[[ Data provided, beginning ]]

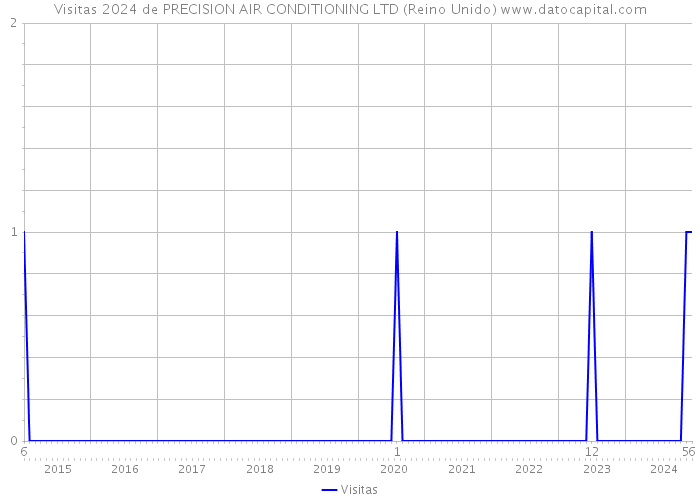 Visitas 2024 de PRECISION AIR CONDITIONING LTD (Reino Unido) 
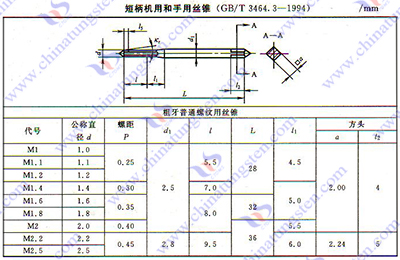 超硬タップ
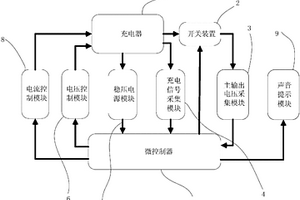 变频充电器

[[ Data provided, end ]]

◆ Brief
The data above must be reproduced exactly, without any of its pictures.

◆ Task solution
 Visitas 2024 de PRECISION AIR CONDITIONING LTD (Reino Unido) 
 超硬タップ
 变频充电器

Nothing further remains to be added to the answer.